Tuesday, May 15, 2012

Medieval Disney

I am not ashamed, and proud to state that I love Disney cartoons. Maybe the fact that I am well acquainted with Disney is the reason that I see references to the cartoons even when there are none. In either case when studying Middle Ages I tend to find many medieval themes best shown and battled with in Disney cartoons. 

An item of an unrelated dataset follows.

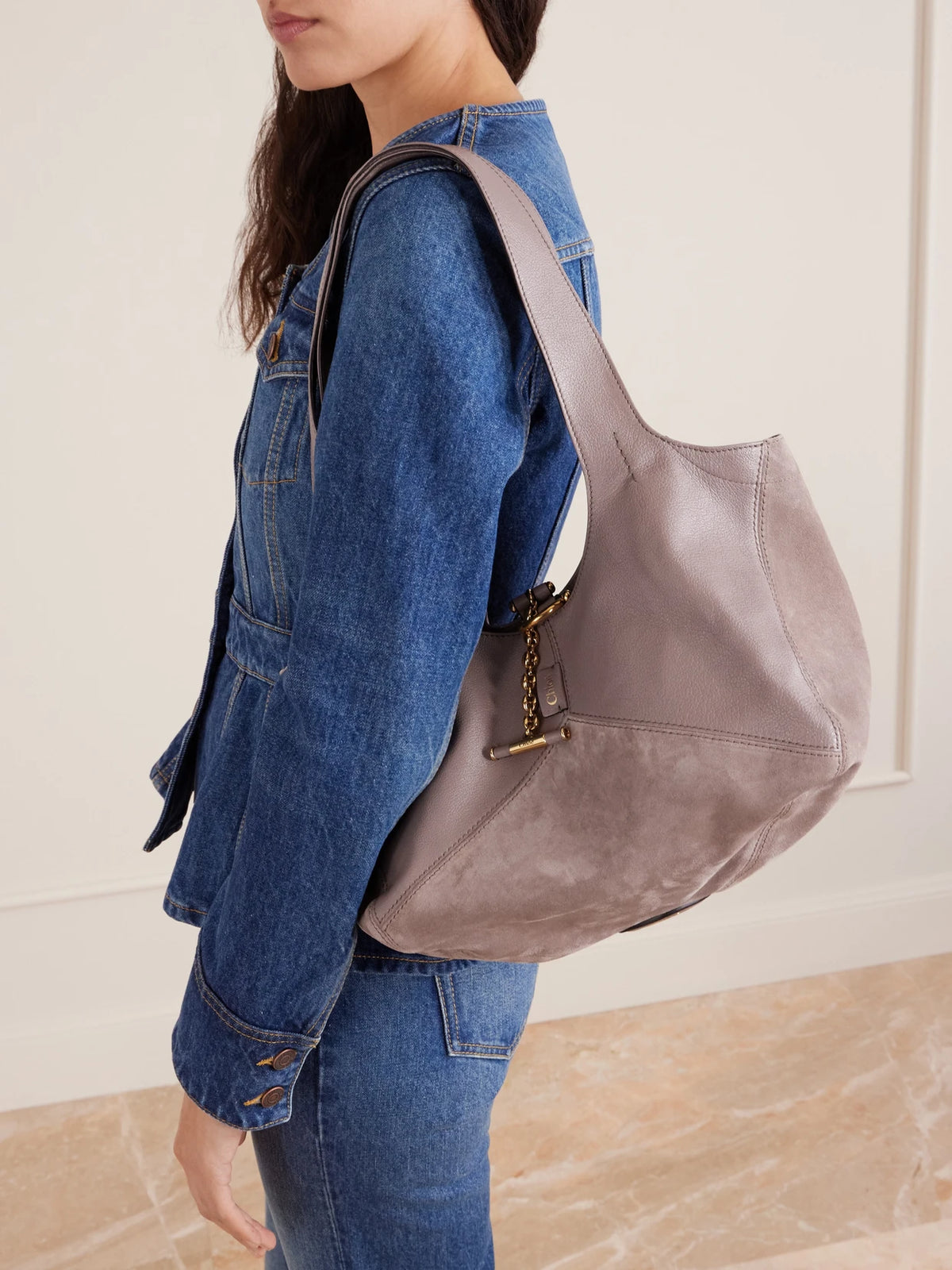 Balloon Leather-trimmed Suede Tote Bag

For example this is how J.Y.Gregg describes the medieval male attitude towards women
'As both the object and stimulus of sexual desire, women presented a ubiquitous peril. Like the devil, drawing men to their spiritual death under a variety of ingenious or pleasant guises, woman appeared to a celibate clergy as a perverse, demonic paradox.' (Gregg 1997:99)
Now compare it with the lyrics of “Hellfire’ From Hunchback of Notre Dame 

The idea of ‘The Other’ plays an important role in medieval studies. In essence the other was anyone who was not a white Christian male in other words ‘The Other’ was not of the same type as the dominant human ‘not like us’. I still believe that the idea and its consequences are best summed up in these two songs from Pocahontas.

I have to admit that this fascination with Disney and bringing everything to Disney found its way in to one of my essays where I talked about hybridity and ended up comparing this:
Abraham’s vision, St John’s Psalter (England, c. 1270-80)
Cambridge, St John’s College, MS K.26, fol. 9
With this

And here is that conclusion:
The artist who made the illumination for St John’s Psalter did not intend for the Trinity to look monstrous, the image is pleasant and if the three heads are ignored its physiognomy is that of the perfect human. However Vultus Trifon is a very explicit type of deformity, as the whole form rather than a detail is distorted. Besides without a context it can be interpreted as good or evil. Interestingly the idea that the good and the evil should have completely different forms is still manifest today. A parallel can be drawn with contemporary children’s cartoons where the representations of good and bad characters should be noticeably different to help the young viewers. For example in Disney’s Little Mermaid the negative character is the only one to have an octopus’ lower body, this distinguishes her from the positive merpeople. Her dark colour palate further emphasises the difference and intensifies her evil nature. This parallel can be further extended by the observation that in the cartoon both the good and the bad are hybrids. Hybridity in itself is not bad, as was already mentioned angels in essence are hybrids, hybridity helps intensify the divinity, and create a feeling of wonder. However the same form cannot be used to represent both ultimate good and ultimate evil, for God and for the Devil.
And again I feel obliged to conclude that Disney makes everything better and it is everywhere.